* _Work order_: What you return should match the data word for word, minus the images.

* _Given material_:
::::::::
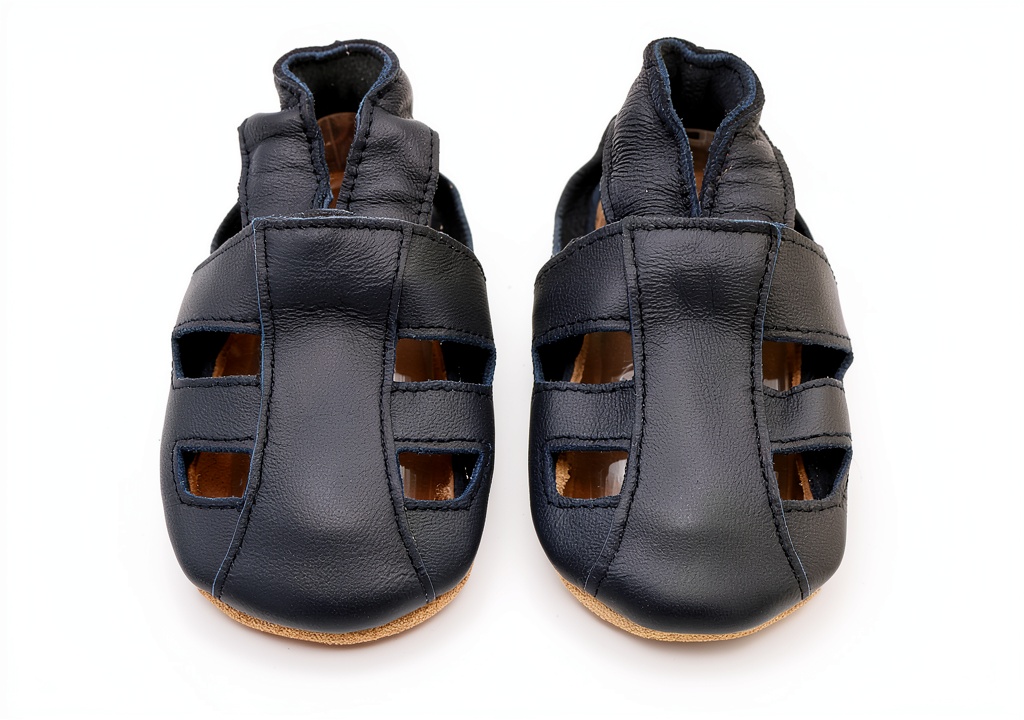 Dotty Fish Leather Baby Shoes being worn by toddler walking on hardwood floor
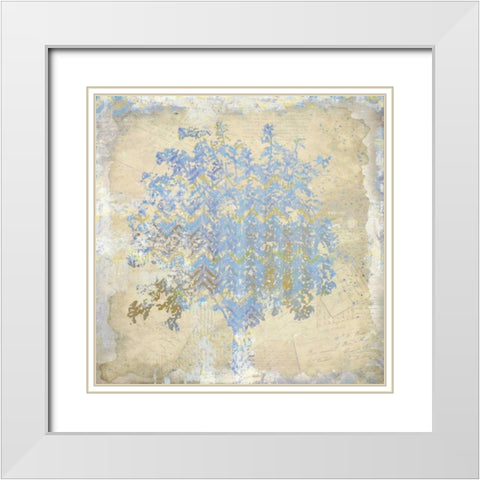 Chevron Tree 2 White Modern Wood Framed Art Print with Double Matting by Allen, Kimberly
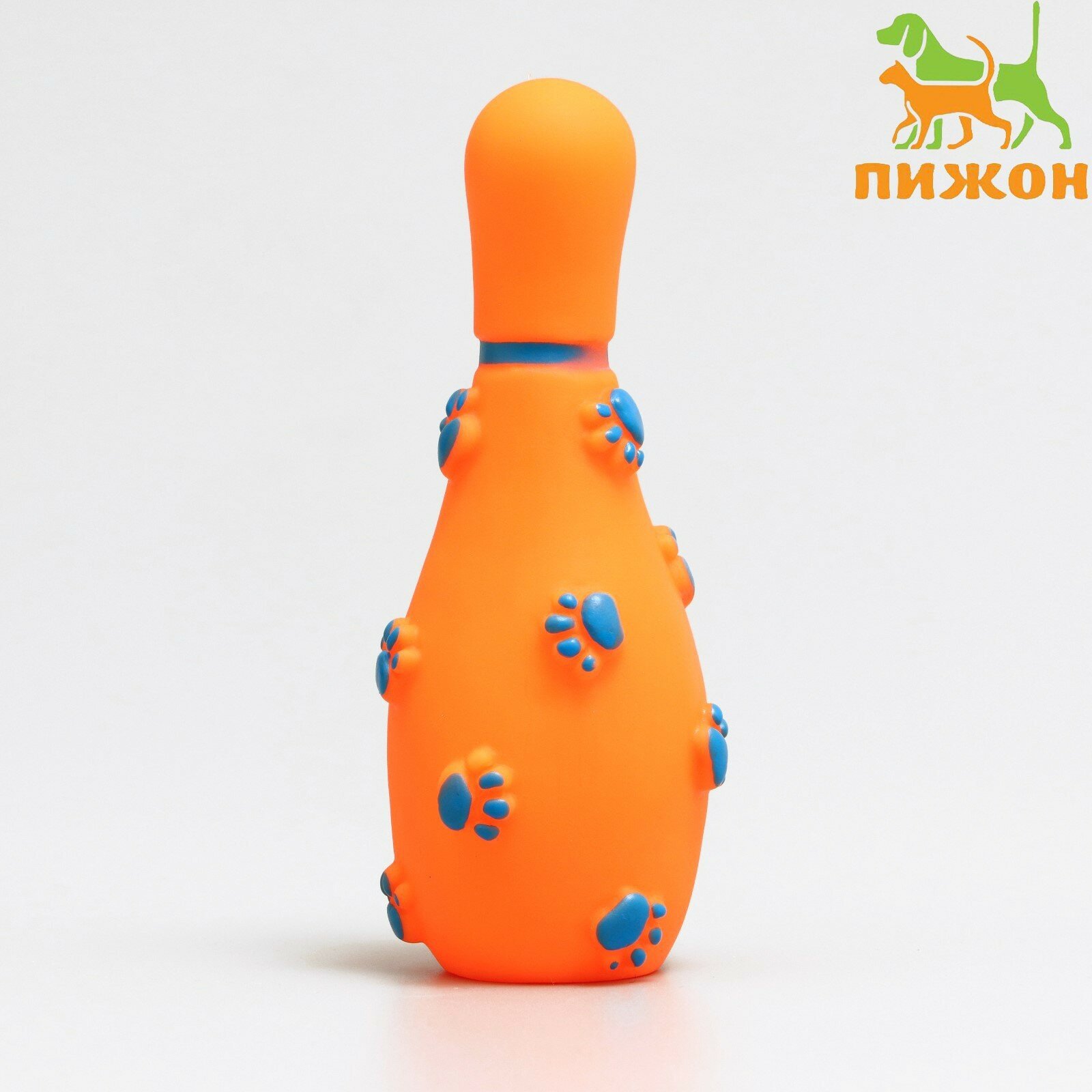 Игрушка пищащая "Кегля" для собак, 14 см, оранжевая 7472718 - фотография № 2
::::::::
* _Solution for this problem_:
 Dotty Fish Leather Baby Shoes being worn by toddler walking on hardwood floor
 Chevron Tree 2 White Modern Wood Framed Art Print with Double Matting by Allen, Kimberly
 Игрушка пищащая "Кегля" для собак, 14 см, оранжевая 7472718 - фотография № 2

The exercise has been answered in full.